You might be wondering when to use Orchest since there are several workflow management and pipeline orchestration solutions out there. They all share some similarities: they all provide some way to define a DAG of tasks, and infrastructure to monitor its results. However, there are notable differences between tools.

Who is Orchest good for?#

  • Small data teams tasked with a broad range of responsibilities: If your team is small and is responsible for everything from analytics to MLOps, you will probably benefit from using Orchest: its interface is easy to learn, turning notebooks into batch jobs is straightforward, and it will take care of orchestrating the computation behind the scenes.

  • Data Scientists and Engineers that love Jupyter notebooks: Even though you can use scripts as your pipeline steps as well, Orchest has deep JupyterLab integration, bundles a few useful extensions, and is integrated seamlessly with your existing workflow. If you already love Jupyter notebooks, then you will feel right at home in Orchest.

  • Anyone who is looking to create pipelines through a visual interface: Rather than defining your steps in YAML files, you can connect them with the Orchest Pipeline editor. You can even get started by creating a pipeline from an existing project straight away: assign your existing files to steps and connect them to form a pipeline.

When are the alternatives worth considering?#

There are some cases in which Orchest might not be the best tool for your use case. Here are a few of them:

  • If your steps need more granularity: In Orchest, every Pipeline step is either a Jupyter Notebook or a script written in any of the currently supported Choosing a programming language in Orchest. However, if you want to describe your computation in terms of functions, you might want to look into frameworks like Apache Airflow.

  • If you want to define your steps with a low-code tool: The Orchest Pipeline editor is a visual interface that allows you to connect the different steps of your DAG. However, each of those steps contains actual code that you or someone from your team needs to write. If you are looking for a tool that is apt for non-coders as well, something like Dataiku might better suit your use case.
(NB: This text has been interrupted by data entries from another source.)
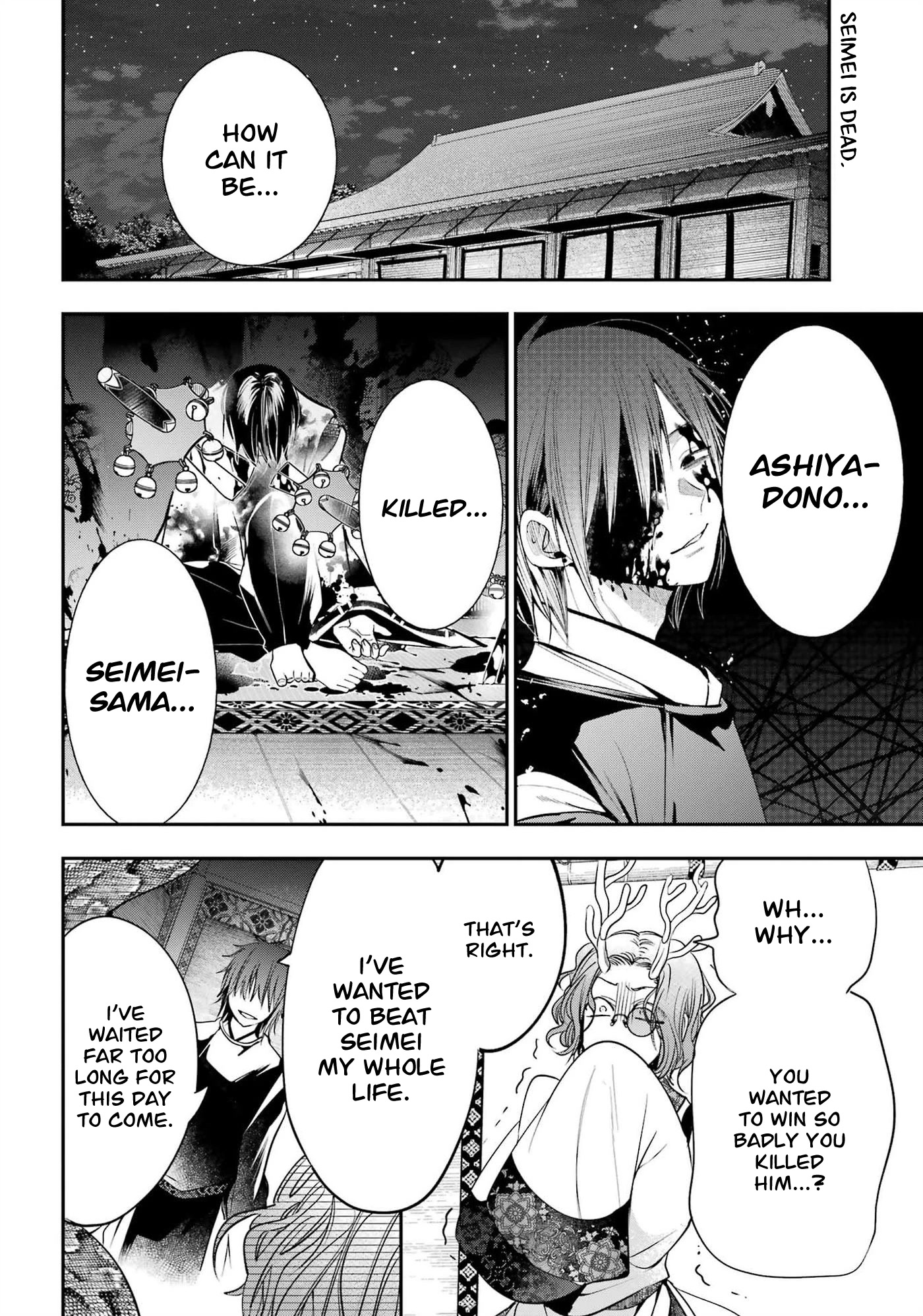 Youkai Gakkou no Sensei Hajimemashita! Chapter 90 page 2 - Chapter 90: Kyoto School Trip (Part 9)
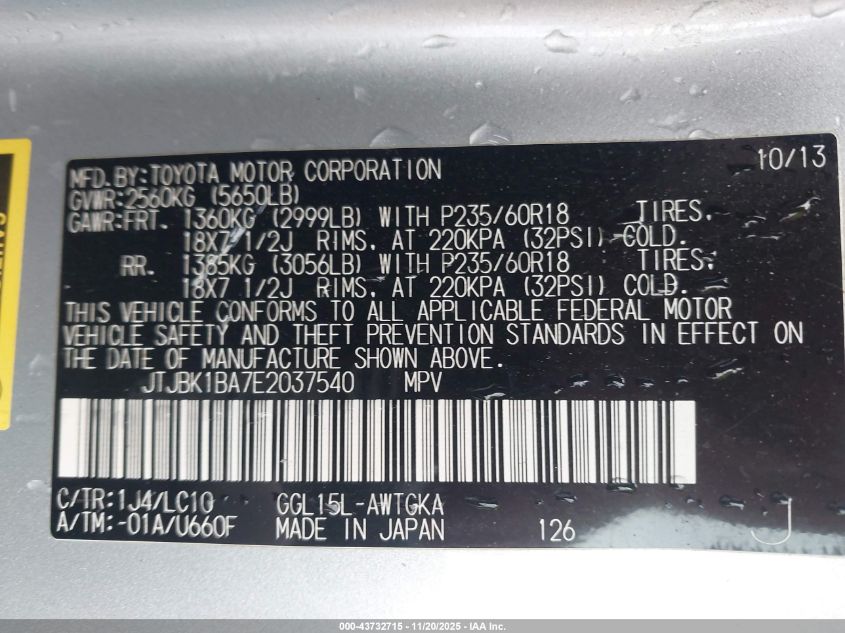 2014 Lexus Rx 350 VIN: JTJBK1BA7E2037540 Lot: 43732715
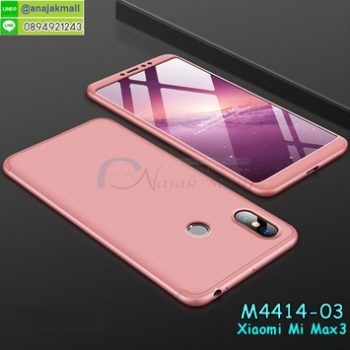 M4414-03 เคสประกบหัวท้ายไฮคลาส Xiaomi Mi Max3 สีทองชมพู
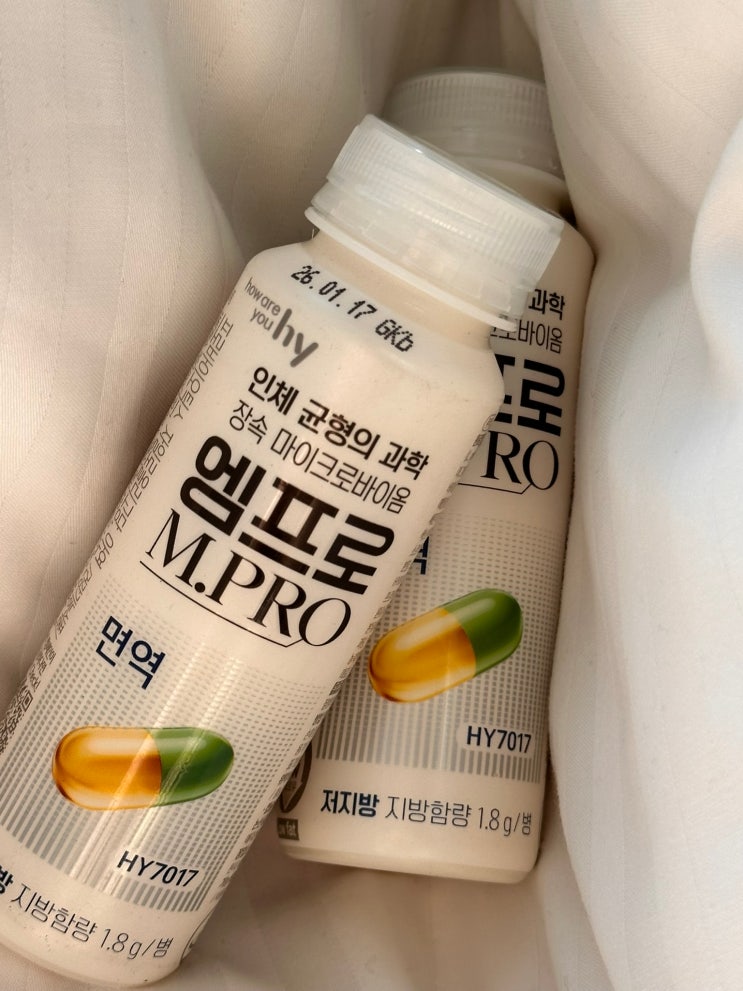  임산부 유산균 추천ㅣ 엠프로 면역 두달 구독 후기(엠프로 종류별 특징)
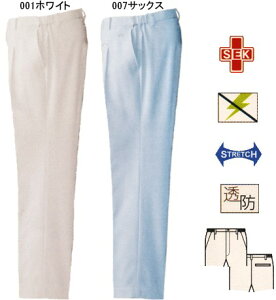 男性用脇シャーリング白衣パンツ S〜6L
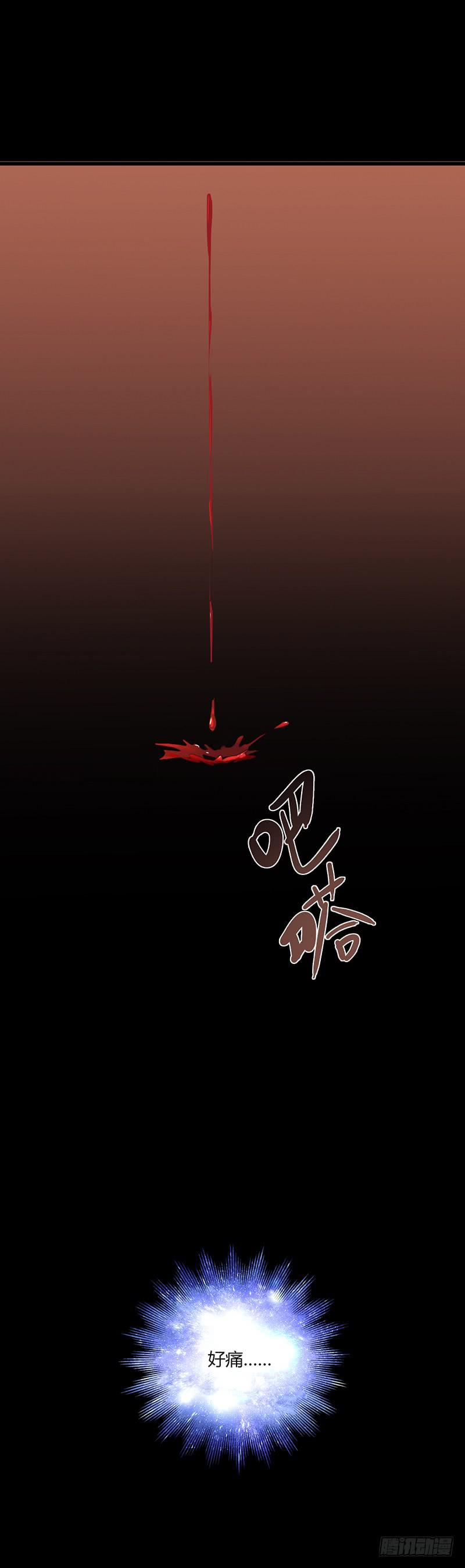 87话 （更新）还有可能吗？15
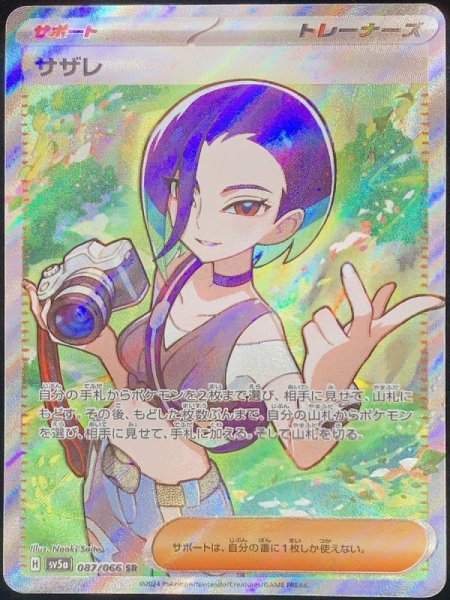 サザレ (SR) {087/066} [SV5a/クリムゾンヘイズ] [SV] 1枚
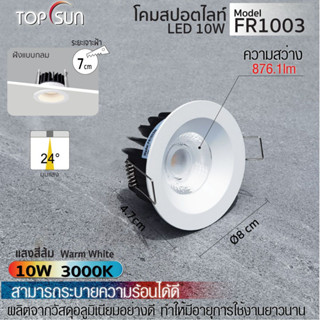 โคมดาวไลท์ LED 10W ฝังแบบกลม รุ่น FR1003 TOPSUN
  • If you need a more integrated solution: Orchest allows you to define pipelines with scripts and notebooks, and you can reuse any open source library or framework you need for your tasks. However, you might be looking for a more integrated solution that assists you with some common tasks instead of having to implement them yourself, like experiment tracking, model serving, hyperparameter tuning, and such. In this case, Apache Airflow, Kubeflow, or Azure Data Factory might be better for your needs.